That, however, in no way absolves me from the wise man and fewness of words
part, nor does it cover the flaws of my tendency to make a big splash nearly
every time I'm entering the pool. Face it, beloveds, for those at poolside
dining on dry snacks like potato chips, those big splashes can get very old,
very fast!
I'm
speaking of my own failure here, but I imagine some of it may apply to others'
lives, too. So many wasted words, and at such volume! What is their purpose,
what insecurities do they cover? How many times do I speak as if on stage and
why? To show that I am cool or a big shot or clever or funny? All those things
are ultimately lies and the person I may be trying most to convince is my
pathetically false self.
How many
times do I call it teasing when another is really hurt? How many times do I go
over the top and not even notice, because my focus is really on myself?
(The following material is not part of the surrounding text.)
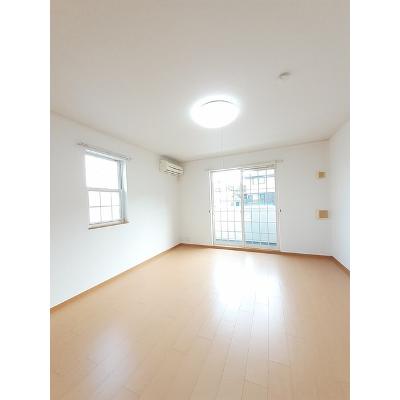 アーバンホワイトタナカⅢ 101【管理NO：1-014983501-01010】 ★家具家電は申し込み後に搬入しますの物件写真2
Even if
I am only futilely trying to overcome my own boredom by creating some
excitement, the message reads frighteningly clear: I am more important, I am a
big deal, I matter more than the people or silences that make me uncomfortable.
None of that is true in the sense I am modeling it. None. So why do I bother?
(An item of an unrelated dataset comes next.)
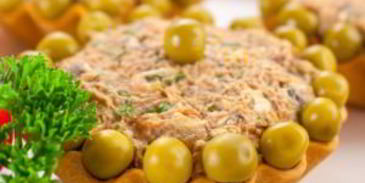 тарталетки с салатом из куриной печени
Why do any of us? These are tough and excellent questions!
The twofold
key is charity and balance. There have been times when I have seen a person-
even been a person- who monopolized a conversation. There have been other times
when I have longed for someone to do so. It requires that mindfulness born of
love and balance to truthfully ascertain whether a situation would profit more from
our silence or our speaking.
But the key
here is "profit more" and the recipients in mind must be others, not
just ourselves. Buffoonery can certainly annoy, but silence can also sometimes
hurt: this person doesn't care about me at all, it's like I didn't even exist.
Somewhere between the extremes lies love, folks, and that is our precarious
goal.
Br. Jerome Leo Hughes, OSB (RIP)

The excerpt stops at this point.